:: Stored records ::
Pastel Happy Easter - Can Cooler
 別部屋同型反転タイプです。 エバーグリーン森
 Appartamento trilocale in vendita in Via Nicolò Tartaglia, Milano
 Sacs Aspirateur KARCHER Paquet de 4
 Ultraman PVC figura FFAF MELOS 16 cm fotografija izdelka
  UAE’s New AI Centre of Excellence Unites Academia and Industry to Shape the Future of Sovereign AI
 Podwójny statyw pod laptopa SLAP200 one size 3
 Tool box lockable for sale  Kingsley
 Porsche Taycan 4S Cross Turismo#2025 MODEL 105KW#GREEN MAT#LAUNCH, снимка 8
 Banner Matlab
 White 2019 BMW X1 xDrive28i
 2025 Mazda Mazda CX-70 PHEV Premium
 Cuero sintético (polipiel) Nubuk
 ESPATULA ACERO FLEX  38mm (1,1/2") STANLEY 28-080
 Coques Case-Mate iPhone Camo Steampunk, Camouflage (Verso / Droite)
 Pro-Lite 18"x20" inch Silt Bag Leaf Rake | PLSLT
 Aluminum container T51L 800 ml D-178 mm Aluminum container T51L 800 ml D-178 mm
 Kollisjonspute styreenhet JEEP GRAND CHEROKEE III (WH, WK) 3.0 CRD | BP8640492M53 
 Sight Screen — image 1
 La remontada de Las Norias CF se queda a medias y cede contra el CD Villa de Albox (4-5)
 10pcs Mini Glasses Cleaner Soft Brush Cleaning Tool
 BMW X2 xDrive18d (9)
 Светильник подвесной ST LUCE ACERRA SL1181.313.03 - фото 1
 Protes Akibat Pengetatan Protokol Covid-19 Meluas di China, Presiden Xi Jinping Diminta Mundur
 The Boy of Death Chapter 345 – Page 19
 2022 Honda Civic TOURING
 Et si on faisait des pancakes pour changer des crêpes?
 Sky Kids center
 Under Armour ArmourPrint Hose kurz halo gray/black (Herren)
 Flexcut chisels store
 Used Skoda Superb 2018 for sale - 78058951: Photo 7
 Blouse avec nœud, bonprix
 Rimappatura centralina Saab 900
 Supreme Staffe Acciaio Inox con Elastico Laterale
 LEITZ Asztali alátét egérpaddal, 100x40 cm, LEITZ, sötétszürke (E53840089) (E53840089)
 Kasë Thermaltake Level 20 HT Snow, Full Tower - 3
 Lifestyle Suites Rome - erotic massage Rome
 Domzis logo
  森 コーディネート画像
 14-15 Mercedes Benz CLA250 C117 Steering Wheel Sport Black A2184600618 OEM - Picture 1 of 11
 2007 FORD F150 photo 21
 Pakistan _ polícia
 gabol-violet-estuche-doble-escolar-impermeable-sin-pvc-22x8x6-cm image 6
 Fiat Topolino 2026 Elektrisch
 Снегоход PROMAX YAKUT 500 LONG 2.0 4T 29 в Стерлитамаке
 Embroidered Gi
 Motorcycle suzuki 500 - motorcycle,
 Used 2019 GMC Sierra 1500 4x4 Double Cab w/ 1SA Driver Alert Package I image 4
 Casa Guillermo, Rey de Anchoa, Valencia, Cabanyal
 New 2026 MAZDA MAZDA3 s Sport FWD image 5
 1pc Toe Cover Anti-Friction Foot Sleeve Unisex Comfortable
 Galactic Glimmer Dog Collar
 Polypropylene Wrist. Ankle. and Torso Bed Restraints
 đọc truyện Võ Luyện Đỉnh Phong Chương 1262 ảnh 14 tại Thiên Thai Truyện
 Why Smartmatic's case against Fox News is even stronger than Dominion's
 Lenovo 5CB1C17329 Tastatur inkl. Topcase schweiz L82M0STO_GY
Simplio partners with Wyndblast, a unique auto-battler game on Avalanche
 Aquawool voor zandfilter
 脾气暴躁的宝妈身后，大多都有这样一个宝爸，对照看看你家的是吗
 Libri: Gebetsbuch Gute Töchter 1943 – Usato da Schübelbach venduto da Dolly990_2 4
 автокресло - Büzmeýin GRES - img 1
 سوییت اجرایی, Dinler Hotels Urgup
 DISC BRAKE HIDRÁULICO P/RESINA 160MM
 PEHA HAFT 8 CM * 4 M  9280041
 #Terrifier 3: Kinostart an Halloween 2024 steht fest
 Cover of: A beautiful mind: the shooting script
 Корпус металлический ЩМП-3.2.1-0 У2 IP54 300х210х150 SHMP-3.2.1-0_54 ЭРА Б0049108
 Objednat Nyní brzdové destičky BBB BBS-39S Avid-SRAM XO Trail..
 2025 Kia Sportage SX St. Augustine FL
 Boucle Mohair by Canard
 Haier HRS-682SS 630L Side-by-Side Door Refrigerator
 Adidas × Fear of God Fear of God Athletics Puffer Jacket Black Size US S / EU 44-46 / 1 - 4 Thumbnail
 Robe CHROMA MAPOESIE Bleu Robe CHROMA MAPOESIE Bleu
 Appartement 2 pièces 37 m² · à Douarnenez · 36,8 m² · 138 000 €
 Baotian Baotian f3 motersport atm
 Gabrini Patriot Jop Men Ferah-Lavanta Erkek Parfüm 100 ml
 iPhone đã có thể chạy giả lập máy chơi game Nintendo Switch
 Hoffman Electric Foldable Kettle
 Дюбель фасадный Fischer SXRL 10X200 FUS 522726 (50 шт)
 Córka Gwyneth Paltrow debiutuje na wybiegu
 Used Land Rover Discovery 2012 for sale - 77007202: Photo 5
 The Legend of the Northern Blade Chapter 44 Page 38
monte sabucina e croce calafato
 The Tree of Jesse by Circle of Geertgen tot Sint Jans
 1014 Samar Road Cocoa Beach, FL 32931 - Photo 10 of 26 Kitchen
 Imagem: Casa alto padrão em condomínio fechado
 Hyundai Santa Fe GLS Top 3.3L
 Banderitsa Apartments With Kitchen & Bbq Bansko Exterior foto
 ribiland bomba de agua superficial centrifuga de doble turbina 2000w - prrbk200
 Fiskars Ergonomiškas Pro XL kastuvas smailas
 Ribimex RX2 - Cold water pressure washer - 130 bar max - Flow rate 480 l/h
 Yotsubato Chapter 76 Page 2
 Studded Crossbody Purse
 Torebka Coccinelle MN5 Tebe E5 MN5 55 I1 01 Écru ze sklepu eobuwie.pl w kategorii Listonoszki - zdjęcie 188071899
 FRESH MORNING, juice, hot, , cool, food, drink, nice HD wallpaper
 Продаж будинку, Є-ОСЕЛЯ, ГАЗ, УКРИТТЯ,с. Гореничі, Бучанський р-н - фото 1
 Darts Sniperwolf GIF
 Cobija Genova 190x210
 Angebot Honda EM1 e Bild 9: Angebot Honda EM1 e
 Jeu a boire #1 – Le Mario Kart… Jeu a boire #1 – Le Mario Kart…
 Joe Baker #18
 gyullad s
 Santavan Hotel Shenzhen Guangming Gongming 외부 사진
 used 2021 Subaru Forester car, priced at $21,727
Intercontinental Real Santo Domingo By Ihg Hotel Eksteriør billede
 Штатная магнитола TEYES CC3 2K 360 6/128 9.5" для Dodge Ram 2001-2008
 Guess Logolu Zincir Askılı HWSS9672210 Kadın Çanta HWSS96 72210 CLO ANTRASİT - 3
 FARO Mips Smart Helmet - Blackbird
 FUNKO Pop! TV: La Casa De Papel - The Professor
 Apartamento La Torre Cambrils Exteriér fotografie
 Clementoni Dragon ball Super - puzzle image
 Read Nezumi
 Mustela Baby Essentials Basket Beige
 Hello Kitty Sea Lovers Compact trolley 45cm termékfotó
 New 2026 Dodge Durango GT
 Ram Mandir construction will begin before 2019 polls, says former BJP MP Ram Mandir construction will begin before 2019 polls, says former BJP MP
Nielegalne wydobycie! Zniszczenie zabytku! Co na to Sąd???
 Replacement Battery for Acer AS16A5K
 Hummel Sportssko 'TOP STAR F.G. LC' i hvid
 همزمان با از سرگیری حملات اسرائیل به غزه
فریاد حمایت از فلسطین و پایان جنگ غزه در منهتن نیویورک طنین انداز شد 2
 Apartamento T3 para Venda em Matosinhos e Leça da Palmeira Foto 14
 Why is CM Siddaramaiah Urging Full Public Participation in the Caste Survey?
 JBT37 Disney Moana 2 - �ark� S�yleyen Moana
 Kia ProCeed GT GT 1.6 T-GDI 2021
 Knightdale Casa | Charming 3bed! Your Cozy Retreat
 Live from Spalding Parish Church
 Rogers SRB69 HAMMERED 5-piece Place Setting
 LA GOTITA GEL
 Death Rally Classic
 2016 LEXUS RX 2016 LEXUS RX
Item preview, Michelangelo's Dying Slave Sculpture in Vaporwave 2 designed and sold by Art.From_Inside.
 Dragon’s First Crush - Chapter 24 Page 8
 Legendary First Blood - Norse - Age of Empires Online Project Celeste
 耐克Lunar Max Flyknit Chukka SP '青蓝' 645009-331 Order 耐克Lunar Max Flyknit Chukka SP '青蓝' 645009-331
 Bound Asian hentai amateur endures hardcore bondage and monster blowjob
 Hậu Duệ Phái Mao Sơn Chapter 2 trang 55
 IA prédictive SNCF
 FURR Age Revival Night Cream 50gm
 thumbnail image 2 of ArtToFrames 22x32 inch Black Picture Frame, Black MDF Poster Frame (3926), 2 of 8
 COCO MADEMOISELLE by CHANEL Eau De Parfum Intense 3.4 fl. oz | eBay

:: TASK DESCRIPTION ::
Once the line with "Flexcut chisels store" is found in the records above, print exactly that line and every line after it through the line with "Fiat Topolino 2026 Elektrisch".

:: YOUR SOLUTION ::
 Flexcut chisels store
 Used Skoda Superb 2018 for sale - 78058951: Photo 7
 Blouse avec nœud, bonprix
 Rimappatura centralina Saab 900
 Supreme Staffe Acciaio Inox con Elastico Laterale
 LEITZ Asztali alátét egérpaddal, 100x40 cm, LEITZ, sötétszürke (E53840089) (E53840089)
 Kasë Thermaltake Level 20 HT Snow, Full Tower - 3
 Lifestyle Suites Rome - erotic massage Rome
 Domzis logo
  森 コーディネート画像
 14-15 Mercedes Benz CLA250 C117 Steering Wheel Sport Black A2184600618 OEM - Picture 1 of 11
 2007 FORD F150 photo 21
 Pakistan _ polícia
 gabol-violet-estuche-doble-escolar-impermeable-sin-pvc-22x8x6-cm image 6
 Fiat Topolino 2026 Elektrisch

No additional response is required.